So, I was talking to someone with experience with SQL, and they told me that when using
GROUP BY statement, I should refer to aggregated columns by their name, rather than by number.
For example, I should use the first lot of code, not the second:
SELECT imdb_rating, COUNT(name) FROM movies GROUP BY imdb_rating;
SELECT imdb_rating, COUNT(name) FROM movies GROUP BY 1;
They said that it makes the code more readable and maintainable, and avoids issues when the order of columns is changed later.

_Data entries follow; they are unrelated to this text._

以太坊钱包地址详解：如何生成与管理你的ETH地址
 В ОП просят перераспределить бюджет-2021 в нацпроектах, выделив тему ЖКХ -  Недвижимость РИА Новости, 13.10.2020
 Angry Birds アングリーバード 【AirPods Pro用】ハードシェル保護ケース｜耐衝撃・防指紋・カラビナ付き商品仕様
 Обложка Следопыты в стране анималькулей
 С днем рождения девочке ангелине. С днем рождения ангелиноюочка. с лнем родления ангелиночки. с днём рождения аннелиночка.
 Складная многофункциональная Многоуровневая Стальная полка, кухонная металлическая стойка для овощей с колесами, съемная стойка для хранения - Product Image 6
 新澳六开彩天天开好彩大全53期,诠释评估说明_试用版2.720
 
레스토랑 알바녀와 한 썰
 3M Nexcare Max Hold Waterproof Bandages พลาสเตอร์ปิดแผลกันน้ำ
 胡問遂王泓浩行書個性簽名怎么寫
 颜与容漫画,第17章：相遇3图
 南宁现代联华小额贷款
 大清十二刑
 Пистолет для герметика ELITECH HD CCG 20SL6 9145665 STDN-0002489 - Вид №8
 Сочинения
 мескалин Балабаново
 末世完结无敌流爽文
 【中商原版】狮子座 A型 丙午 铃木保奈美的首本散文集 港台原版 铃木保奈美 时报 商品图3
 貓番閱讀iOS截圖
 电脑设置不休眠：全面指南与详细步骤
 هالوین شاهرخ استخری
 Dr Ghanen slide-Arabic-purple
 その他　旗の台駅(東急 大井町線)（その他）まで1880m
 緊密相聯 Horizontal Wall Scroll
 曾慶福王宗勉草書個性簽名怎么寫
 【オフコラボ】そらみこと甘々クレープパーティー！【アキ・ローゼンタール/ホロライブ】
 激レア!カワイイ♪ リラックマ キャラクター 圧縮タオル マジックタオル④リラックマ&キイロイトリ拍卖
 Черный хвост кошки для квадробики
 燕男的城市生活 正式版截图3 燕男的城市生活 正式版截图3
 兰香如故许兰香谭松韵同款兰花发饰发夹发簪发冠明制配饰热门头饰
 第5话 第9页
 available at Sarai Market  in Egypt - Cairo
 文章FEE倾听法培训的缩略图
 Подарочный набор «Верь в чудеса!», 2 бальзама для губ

However, using this convention breaks down when I attempt to solve this puzzle: Https://www.codecademy.com/paths/data-science/tracks/sql-intermediate/modules/dspath-sql-aggregates-projects-and-applications/projects/sql-hackernews
If I wanted to avoid using numbers in the following code using a
CASE block, what should I put the the
GROUP BY clause? If I use
source, it returns all rows as if they matched the
SELECT CASE WHEN url LIKE '%github.com%' THEN 'GitHub' WHEN url LIKE '%medium%' THEN 'Medium' WHEN url LIKE '%nytimes%' THEN 'New York Times' ELSE 'irrelevant' END AS 'source', COUNT (*) FROM hacker_news GROUP BY 1;